ACT and SAT exams are designed to measure college readiness in 17-year-olds, so it's not fair to use the score of a 26-year-old as the basis for an admission decision, Parker said. Older students often have life skills that can help them succeed in college, but are not reflected in GPAs and test scores, or even past college performance. Just ask Victoria Billings, a 34-year-old student who bombed her freshman year right out of high school, but now is about to graduate from the U. with a 4.0 GPA and degrees in environmental studies and political science.
"The research says nontraditional student have far superior grades than our 19-year-old counterparts; it's a function of maturity as well as focus. When you are going to college at 30 it's a huge priority," said Billings, who handles outreach for nontraditional students on campus.
Billings was admitted to the U. as a transfer student more than a decade after dropping out of the University of Alaska, Fairbanks. Like many other older students, she did not fall under the recently rewritten U. policy because of her previous college stint. Of the thousands of applications the U. received for admission last fall, only 65 fell under the policy, according to Parker. Of those, 30 were admitted.
Feds step in • Problems with the U.'s nontraditional admissions policy surfaced two years ago with the application of an out-of-state man, according to U. lawyer Robert Payne. During the unidentified man's dealings with U. officials, he divulged that his reading skills were poor and his admission was denied.
He filed a complaint with the U.S. Department of Education's Office of Civil Rights (OCR), which determined the U. had discriminated against the student on the basis of his learning disability. U. officials dispute the finding, but agreed to admit him. "Our concern was that he was academically unprepared and he would not have survived here," Payne said.
Ordinarily, universities have broad latitude to make admission decisions, according to Barmak Nassirian, associate executive director of the American Association of Collegiate Registrars and Admissions Officers.
"We should realistically concede there are kinds of learning disabilities that make enrollment problematic.

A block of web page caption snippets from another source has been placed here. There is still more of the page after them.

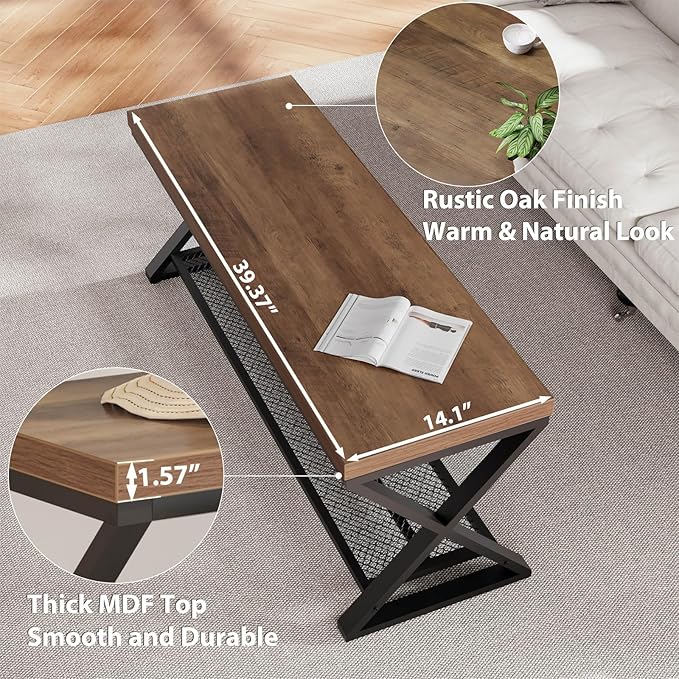 LVB Entryway Shoe Bench with Storage, 39??Entryway Bench for Foyer Hallway, Farmhouse Wood and Metal Indoor Bench for Entrance, Shoe Rack Storage Bench with Sitting for Living Room, Rustic Oak, 39 in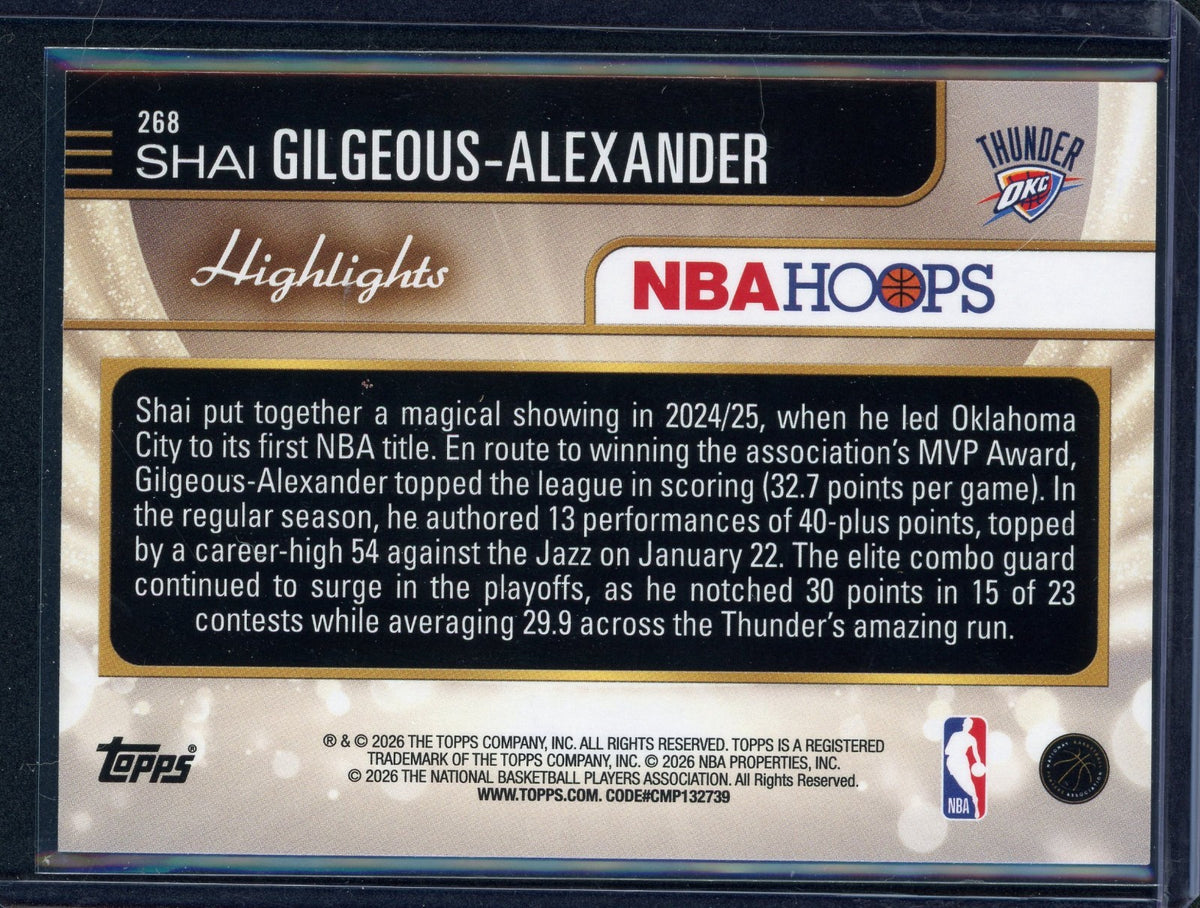 2025-26 Topps NBA Hoops #268 Shai Gilgeous-Alexander Highlights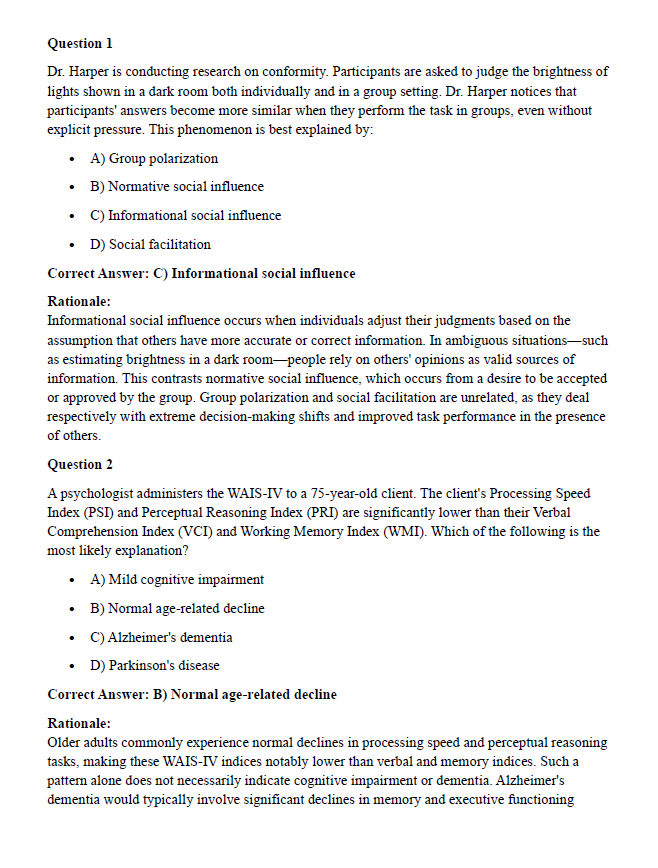 EPPP 2025 Exam Practice Questions: 240 Recall-Based Questions with Detailed Rationales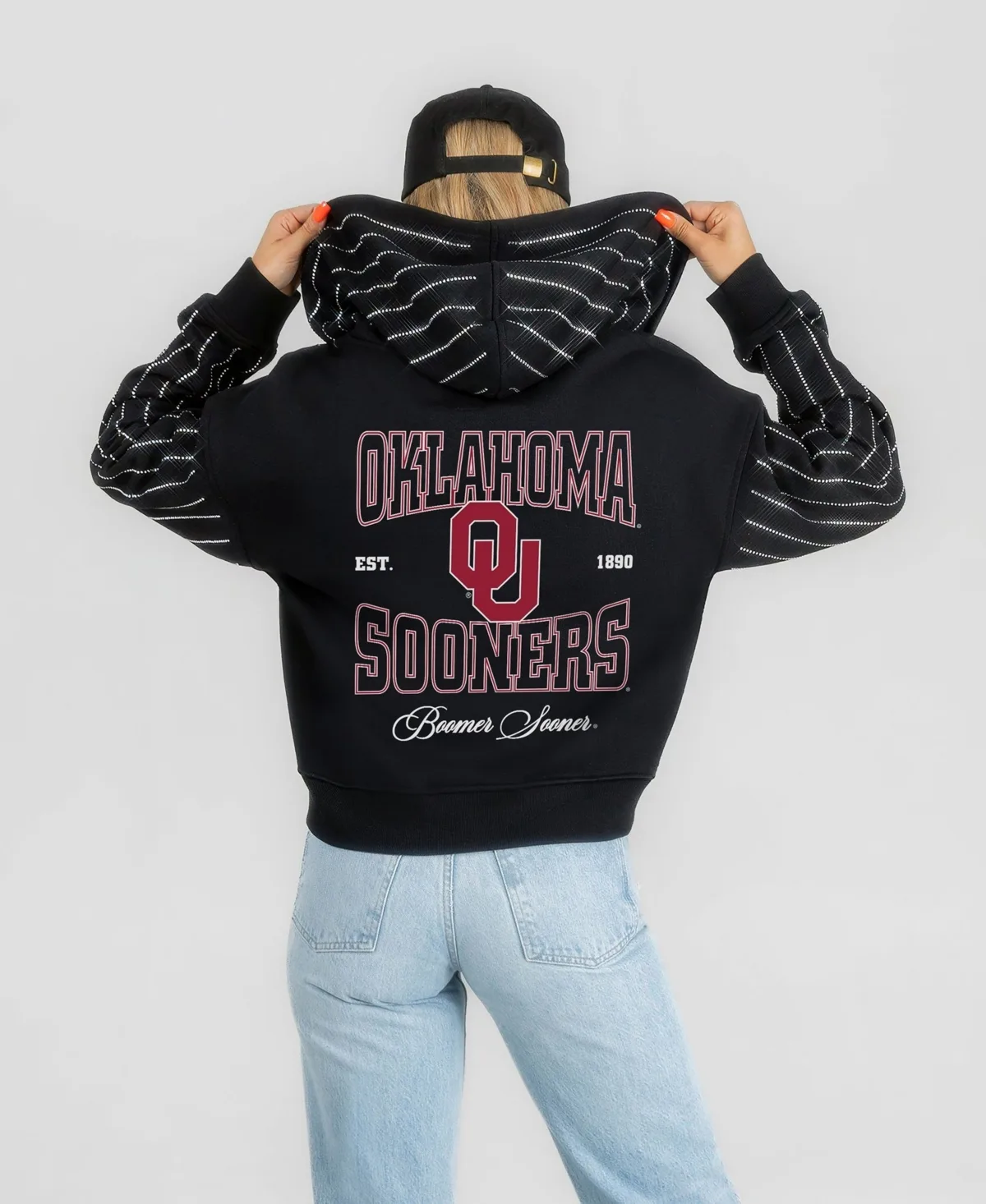 Oklahoma Sooners Eyes on the Prize Mid-Crop Full-Zip Hoodie by Gameday Couture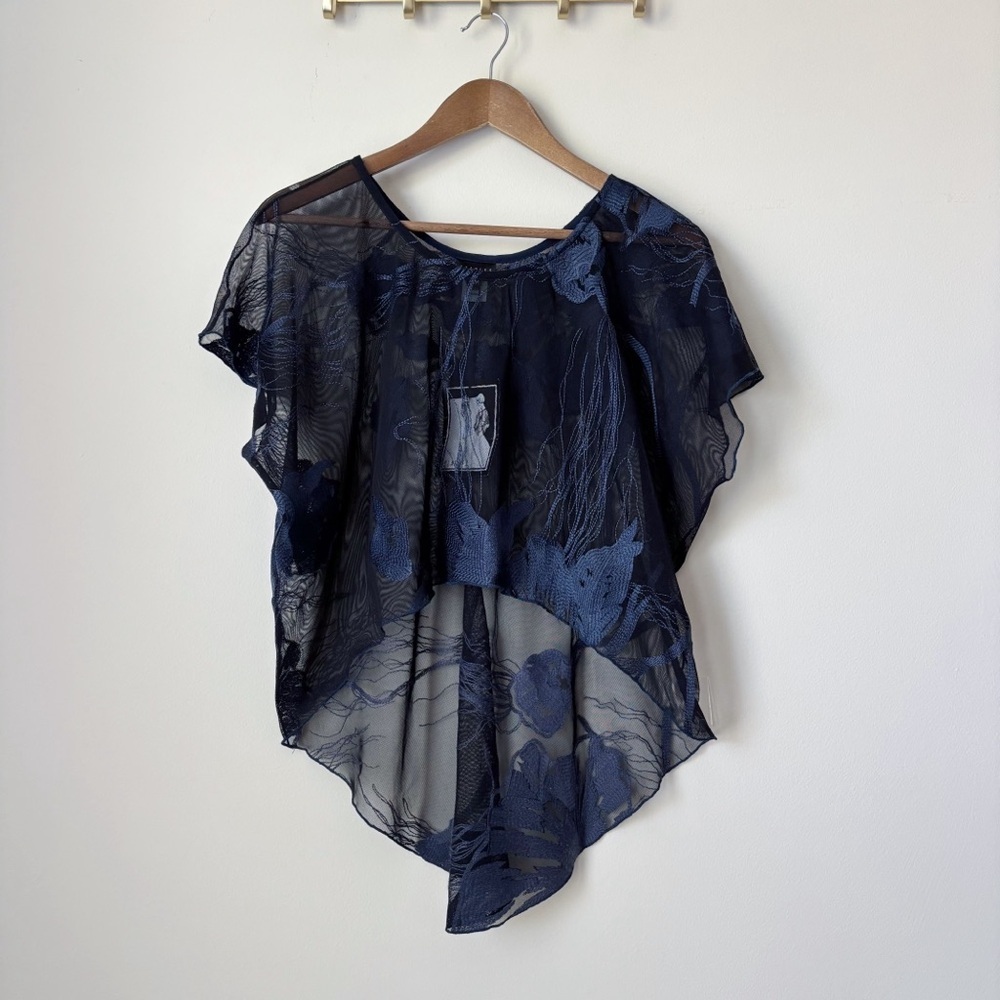 Staples Sheer Blue Floral High Low Layering Top Small NEW NWT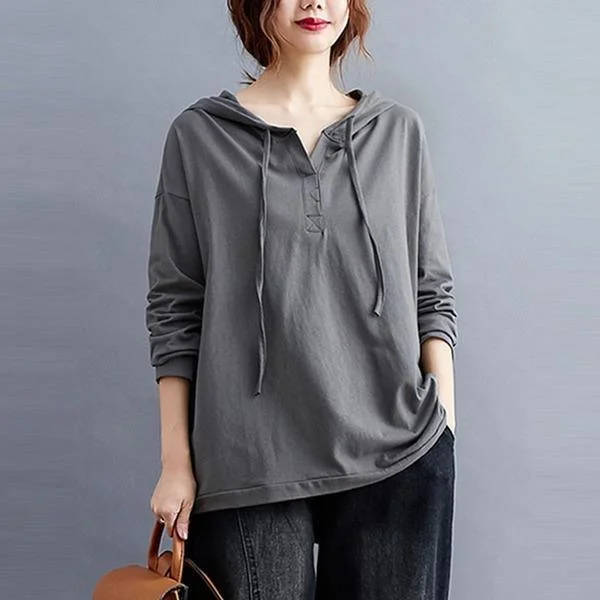 Age-reducing Style Women Cotton Casual Hoodies Solid Color Loose Female Long Sleeve Hooded Sweatshirt Age-reducing Style Women Cotton Casual Hoodies Solid Color Loose Female Long Sleeve Hooded Sweatshirt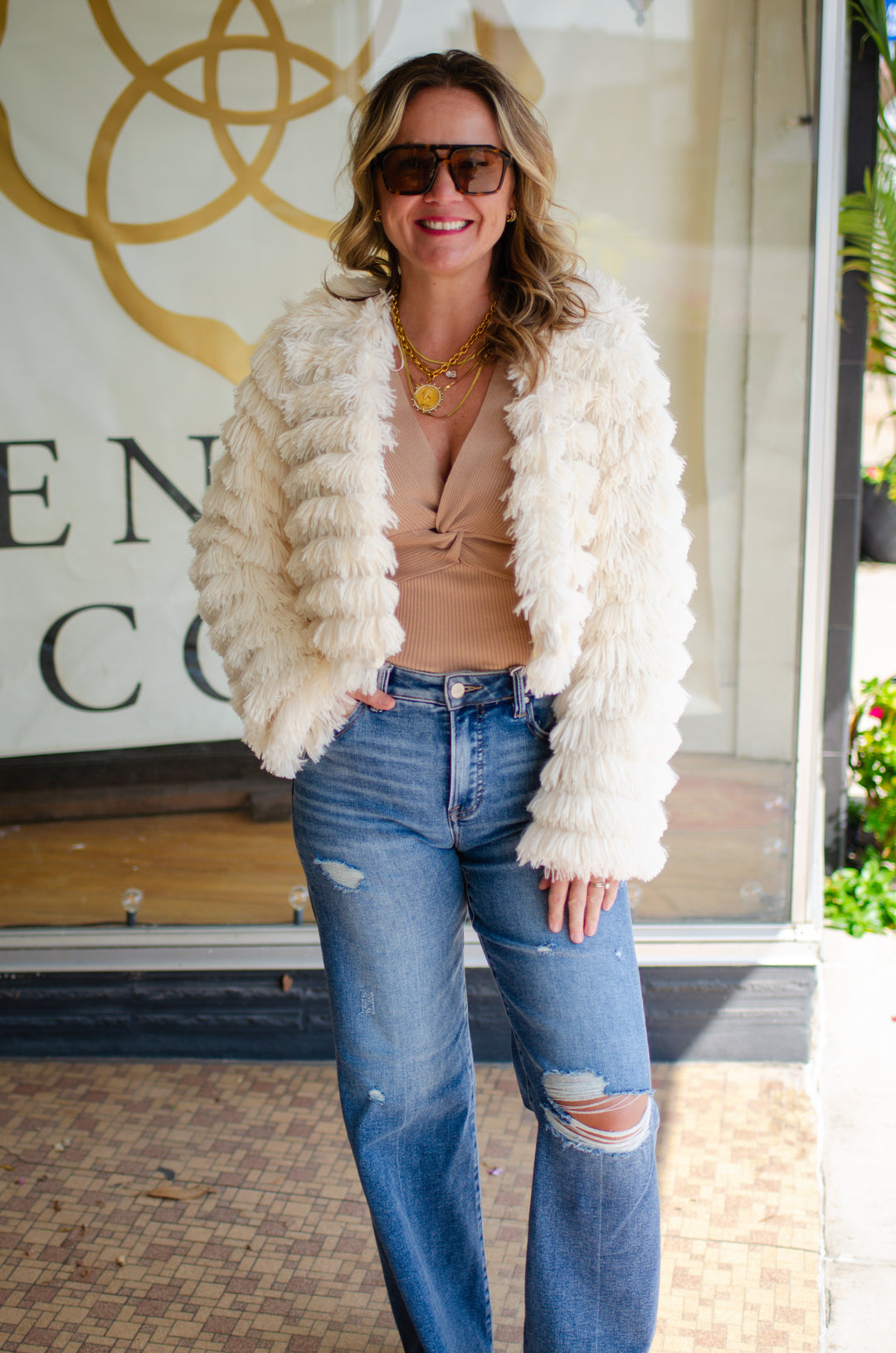 Almost Famous Shag Cropped Jacket in Cream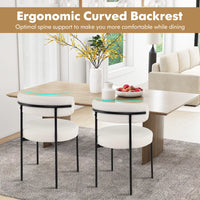 Boucle Dining Chair Round Sherpa Upholstered Kitchen Armless Chair Set of 4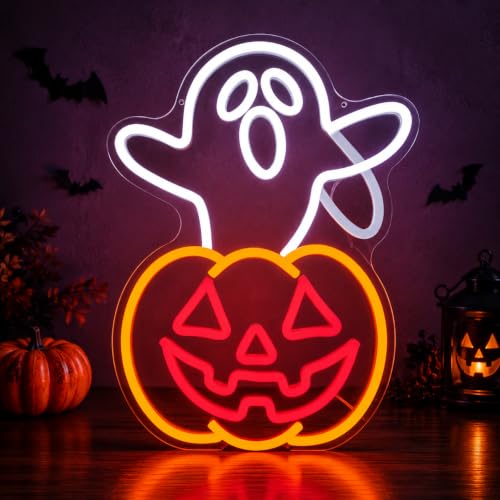 Waving Ghost Neon Sign Halloween LED Light - Spooky Ghost & Pumpkin Decor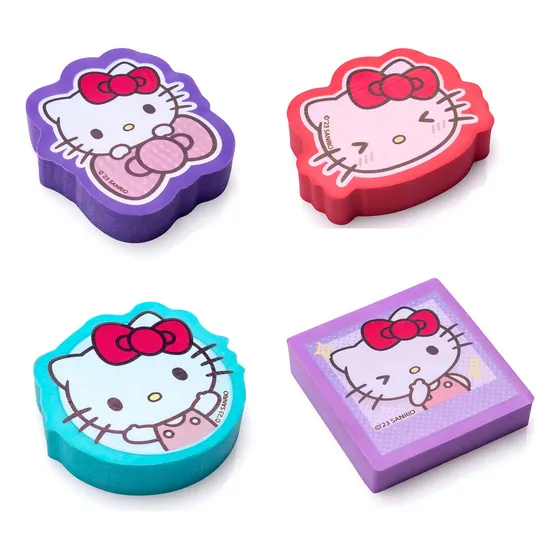 Kit 4 Borrachas Hello Kitty Coloridas Leo E Leo Licenciada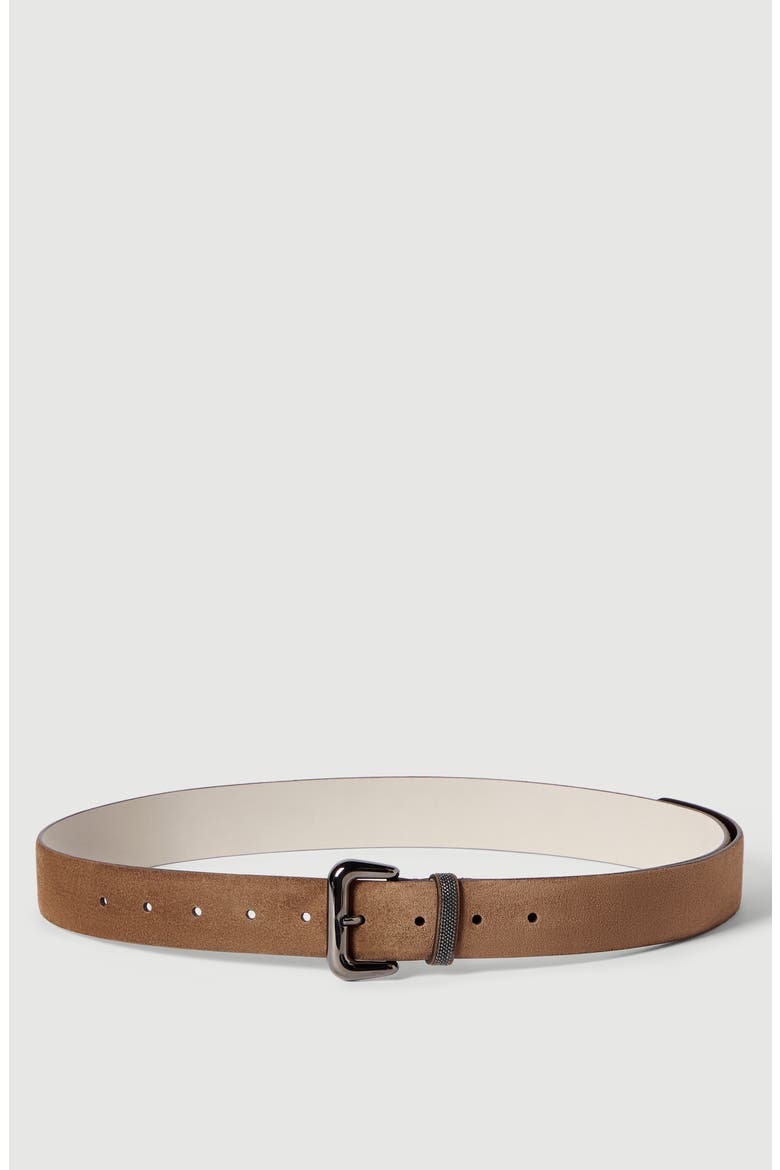 Suede belt with shiny loop, Main, color, Caramel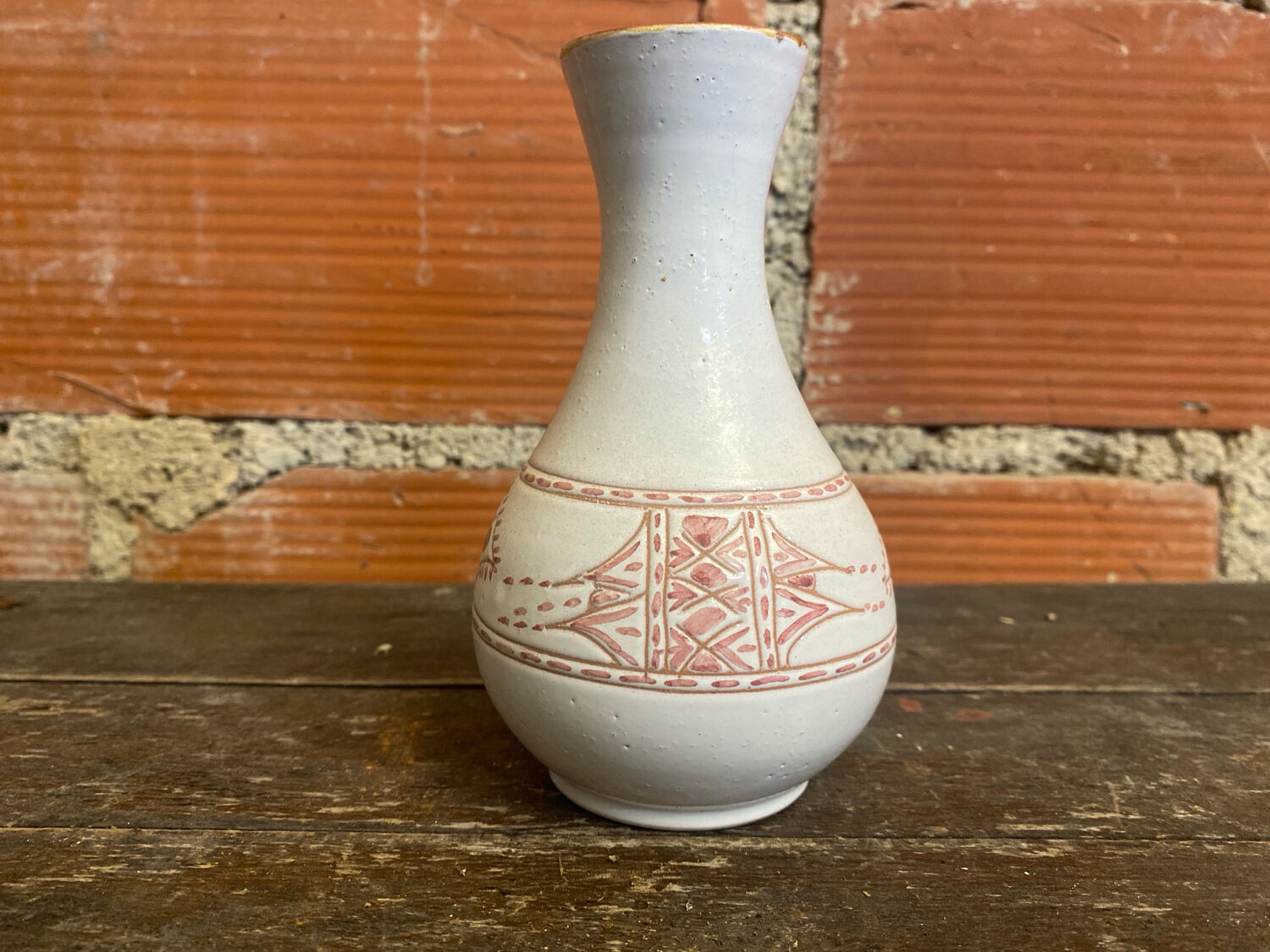 Old vase for sale white ceramic engraved rose vintage #d674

It's not just a greedy institution behaving badly," he said. "Students are taking out a lot of loans to go to college. You might not be doing someone a favor enrolling students who won't graduate."
The OCR findings enable the student to sue the U. for alleged civil-rights violations, but he has not done so, according to Payne. Nor has he enrolled.
A resolution reached with the OCR last year required the U. to revise its admissions policies to "reflect legitimate criteria for student qualifications that do not discriminate on the basis of disability." The agreement also requires the U. to train its personnel in the policies and submit those training materials for OCR approval.
The new policy requires such students to show they have completed four years of English, two years of math beyond algebra, three years of science, two years of a foreign language, one year of history, plus another two years of the students' choice in these core areas. These courses can be completed with GPAs as low as 2.0, as long as the cumulative GPA is at least 2.6. Those who can't meet these criteria may submit ACT or SAT results to demonstrate "an academic foundation and preparedness for university course work," but without specifying minimum scores.
A nontraditional applicant who is denied admission is entitled to a personal interview with an admissions officer and an appeals process through the U.'s Credits and Admissions Committee.